A nova estrutura atende a uma bacia hidrográfica de aproximadamente 8 km², impactando diretamente bairros como Campo Comprido, Mossunguê, Santo Inácio, Orleans e São Braz, onde residem cerca de 35 mil pessoas. A intervenção visa mitigar os riscos de alagamentos recorrentes na região, especialmente em períodos de chuvas intensas.
O conceito por trás do projeto é a solução baseada na natureza, combinando a funcionalidade de uma bacia de detenção com um design paisagístico que transforma a área em um parque acessível à comunidade. Esta abordagem busca não apenas resolver um problema de infraestrutura, mas também criar um ambiente mais agradável e educativo.
A localização estratégica às margens do Rio Mossunguê, afluente do Rio Barigui, principal eixo hídrico da cidade, reforça a importância da obra no contexto de gestão de recursos hídricos de Curitiba. A bacia de detenção foi projetada para comportar o volume de água excedente, evitando o transbordamento do rio e protegendo áreas adjacentes.
A transformação de uma área antes sujeita a alagamentos em um espaço de convivência evidencia a preocupação com a adaptação às mudanças climáticas. O parque conta com um espelho d’água permanente, diques de contenção em gabião, estruturas de controle de fluxo de água e uma galeria celular subterrânea que mais que dobrou a capacidade de vazão local.
O Legado da Infraestrutura Inteligente
A funcionalidade da obra de macrodrenagem é ampliada por um projeto paisagístico detalhado, assinado por Pablo Izidoro. A área de lazer inclui jardins de chuva, pista de caminhada, arquibancadas construídas com materiais naturais, uma ponte sobre o lago e iluminação adequada. O plantio de espécies nativas como jacarandás, canafístulas e ipês, somado à recuperação da mata ciliar, fortalece a biodiversidade e o aspecto ecológico do local.
As intervenções de engenharia foram complementadas pela requalificação urbana do entorno. Melhorias no asfalto, construção de novas calçadas e a implantação de uma rotatória contribuíram para a fluidez do tráfego e a segurança viária da região. O investimento total na obra foi de R$ 8,8 milhões, com recursos do Programa de Aceleração do Crescimento (PAC Drenagem).
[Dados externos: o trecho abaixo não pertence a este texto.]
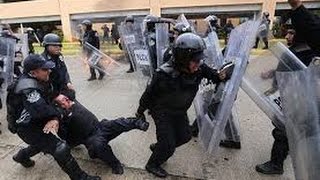 FUERTES IMÁGENES Manifestantes golpean a policía de Guerrero [upl. by Devol]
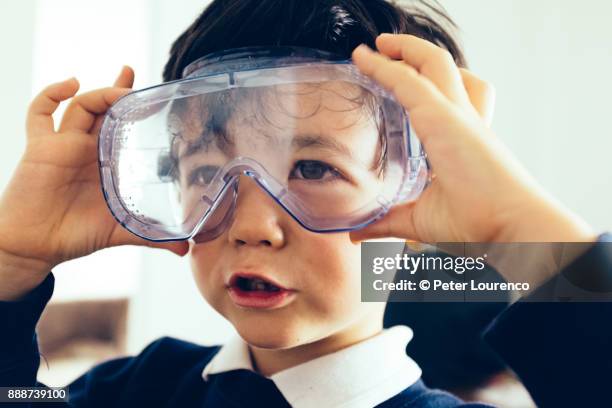 safety goggles - peter lourenco fotografías e imágenes de stock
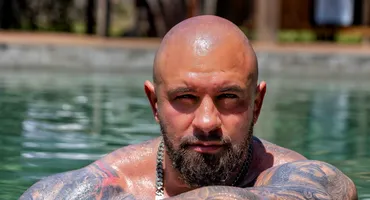 Alex Bodi a rupt norma la Monaco! Imagini virale cu noua iubită și bolidul Ferrari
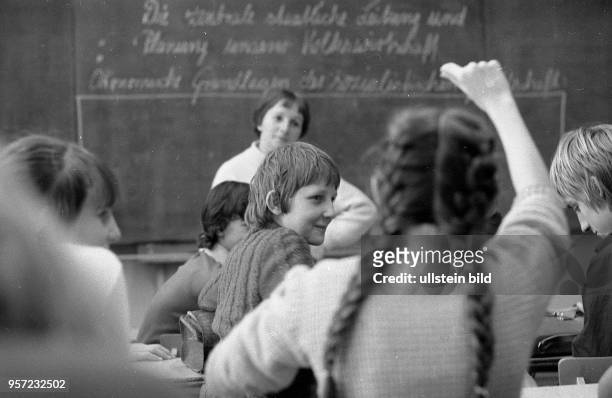 Schüler beim Unterricht an einer Polytechnischen Oberschule in Weimar , aufgenommen 1981.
A concepção do projeto segue as diretrizes do Plano Diretor de Drenagem, focando em intervenções estruturais para o enfrentamento dos desafios hídricos urbanos. A coordenação da obra envolveu o Departamento de Pontes e Drenagem da Secretaria Municipal de Obras Públicas, com o apoio de outras secretarias municipais e órgãos federais.
O secretário municipal de obras públicas, Luiz Fernando Jamur, destacou que a iniciativa integra infraestrutura e preservação ambiental. Ele ressaltou o uso de gabiões e a criação de áreas alagáveis como exemplos de soluções que aumentam a capacidade de absorção hídrica, minimizam impactos ambientais e promovem a biodiversidade.
A Percepção da Comunidade
A recepção da comunidade tem sido extremamente positiva. Moradores de longa data expressam satisfação com a transformação da área. Joana Bizinelli, 75 anos, descreveu o novo espaço como um “presente para o bairro”, contrastando a situação anterior de “mato e nada” com a beleza atual do parque.
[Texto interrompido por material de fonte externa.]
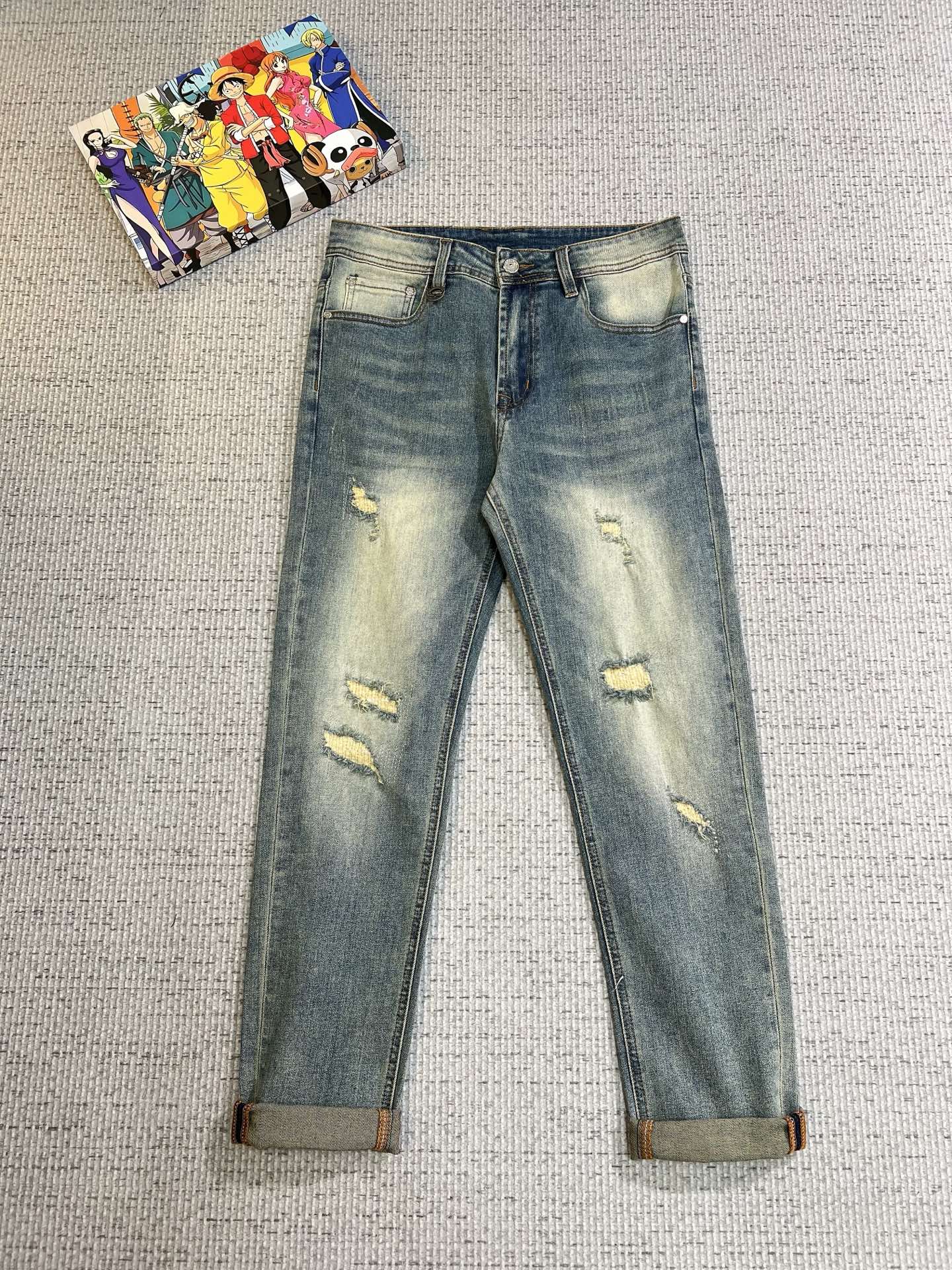 NO:521123,FENDI Men's denim jeans, official album poster outfit style!  Customer-supplied high-quality imported denim original color fabric, specially selected Japanese Okayama pure 13oz ounce denim fabric, heavy environmentally friendly plant enzyme washing process, the texture has a light retro color, which is quite beautiful, and is very suitable for the autumn and winter color matching. The fabric is soft and delicate after washing, but has a strong bones and a little elastic, providing an excellent comfort experience. There is no damage to any craft elements throughout the body, retaining the purest tannin color!  The whole body details are so perfect, exquisite and exquisite. The latest waist leather marks highlight the brand's characteristics, and hardware accessories, leather marks, and wiring all reflect craftsmanship!  The style is perfectly tailored, and the hip lifting effect is excellent. It can easily sweep any top matching in the wardrobe. It has extensive compatibility and is satisfied with various daily outfits. It has a lot of upper body styles and must-have trousers for quality control and 1V masturbation control!  Size 29-38 (no 35.37), fendi, fendi, jeans, alexander wang19860909FENDI 芬迪 男士丹宁牛仔裤,官宣画册海报穿搭款！ 客供高级进口的丹宁原色面料,特选日本冈山纯正13oz 盎司牛仔布料,重磅环保植物酵素水洗工艺,肌理有着淡淡的复古色彩,相当漂亮,极符合秋冬的配色,面料经过水洗后柔软细腻,但筋骨感极强,且略带弹力,提供了绝佳的舒适体验,通身无任何工艺元素破坏,保留了最纯粹的丹宁本色！通身细节完美如斯,精湛且考究,最新的腰部皮标彰显了品牌特质,五金配件、皮标、走线无不体现出匠心工艺！版型剪裁完美,提臀修身效果绝佳,可轻松横扫衣橱任何的上装搭配,兼容性广泛,满足于日常各种穿搭,上身型款十足,于品质控及1V迷控者必入型裤装！ 尺码29—38（没35.37）,,fendi,fendi,jeans,alexander wang,Men's clothing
Ana Lucia Bizinelli, 70 anos, também demonstrou contentamento, ressaltando a importância de a população cuidar do novo espaço. “A gente só espera que a população continue cuidando para que as crianças, os idosos possam vir passear, curtir esse lugar que ficou muito bonito”, afirmou, evidenciando o senso de responsabilidade coletiva.
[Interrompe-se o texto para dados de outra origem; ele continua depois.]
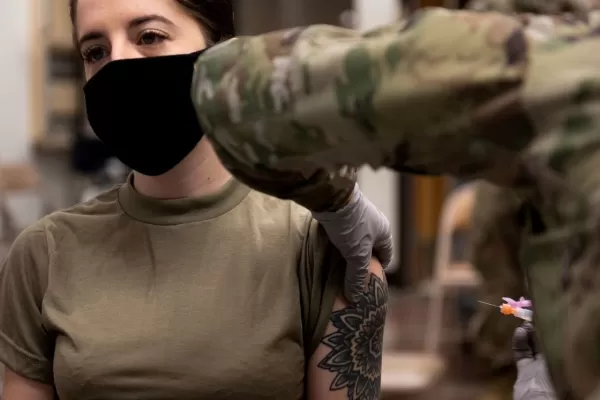 En EE.UU. autorizan la tercera dosis contra el coronavirus a pacientes en riesgo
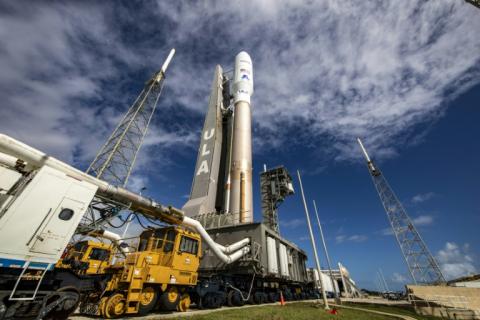 Der US-Konzern Amazon hat eine weitere Hürde genommen, um schnelles Internet per Satellit anzubieten. Vom Weltraumbahnhof Cape Canaveral in Florida hob am Montag um 19.00 Uhr (Ortszeit, 01.00 MESZ) eine Atlas-V-Trägerrakete mit 27 ersten Satelliten an Bord ab.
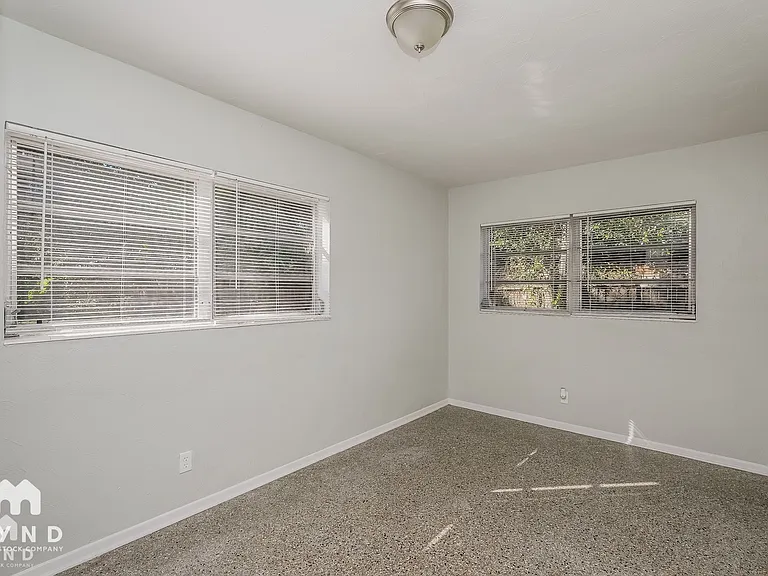 1505 E Genesee St — Photo 12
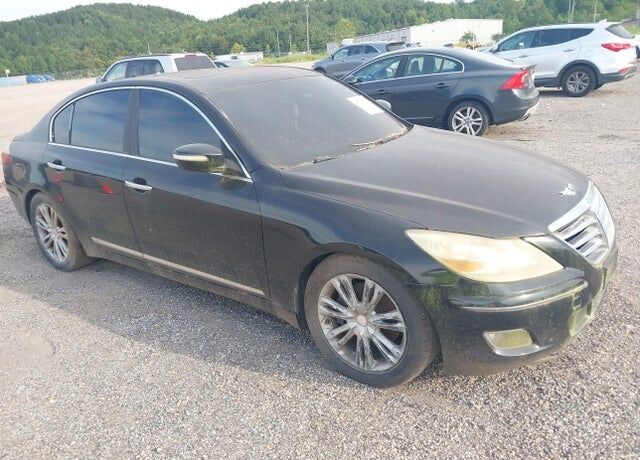 2011 HYUNDAI Genesis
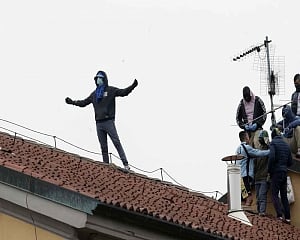 Italy says lockdown aimed at saving economy from virus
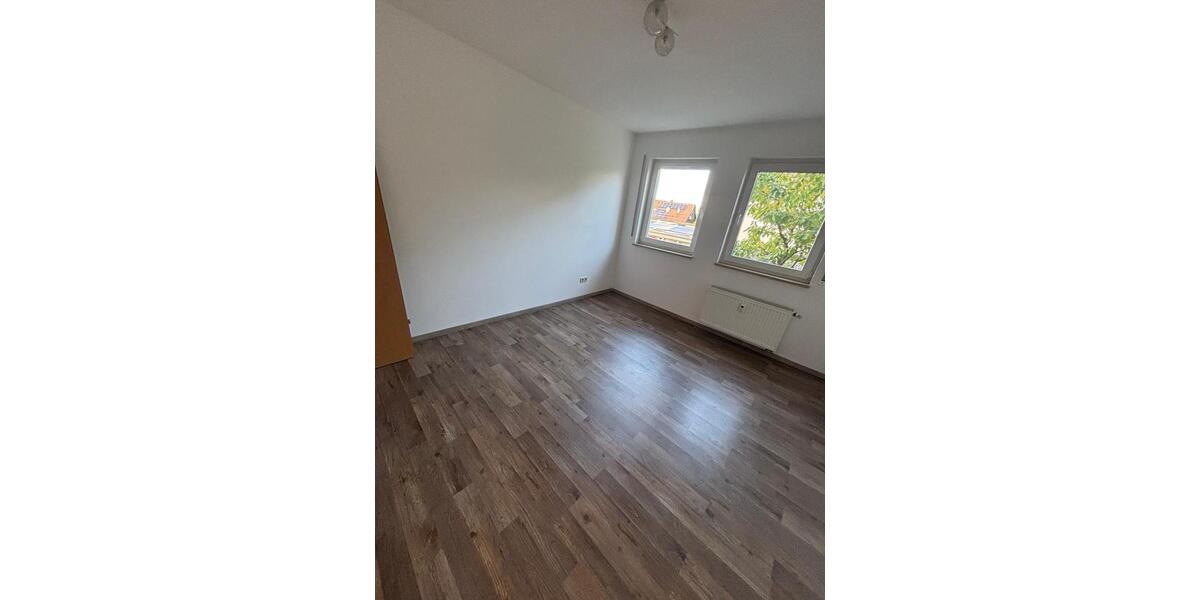 Erdgeschoßwohnung Fürth Eigenes Heim - 3 Zimmer, 76 m&sup2;, 1.350&euro; | Angebot:27595702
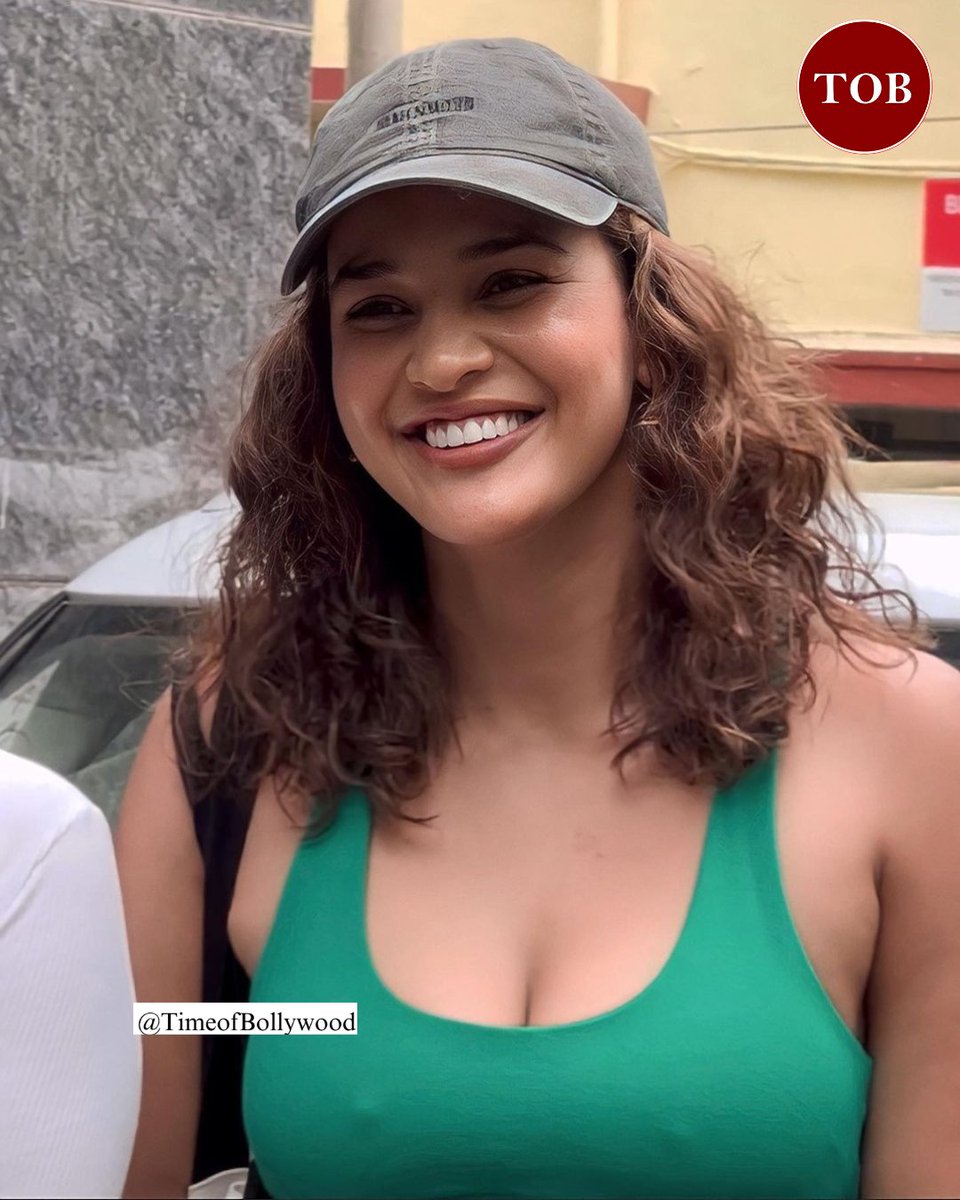 timeofbollywood's tweet photo. Aisha Sharma 💚

#aishasharma #aishasharmahot #timeofbollywood #photoshoot #salon #celebration #fashion #news #celebrate #celebrity #celebritynews #actress #hot #sexygirl #hotgirl #viralpost #paparazzi #viral #trending #explore #actress #foryoupagе #famous #model #popular https://t.co/XerVXDgMUY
A inauguração contou com a presença de representantes de órgãos públicos e privados, como a Caixa Econômica Federal, Curitiba S.A. e representantes de famílias pioneiras na região, sublinhando a importância intersetorial da obra.
A obra em números evidencia a magnitude da intervenção: 5.827 m² de grama, 29.031 m³ de escavação, 181 árvores plantadas, 1.178 toneladas de asfalto, 350 mudas para jardins de chuva, 7.114 m³ de pedras para gabiões e 172 peças de galerias celulares. Além disso, gerou dezenas de empregos diretos e indiretos.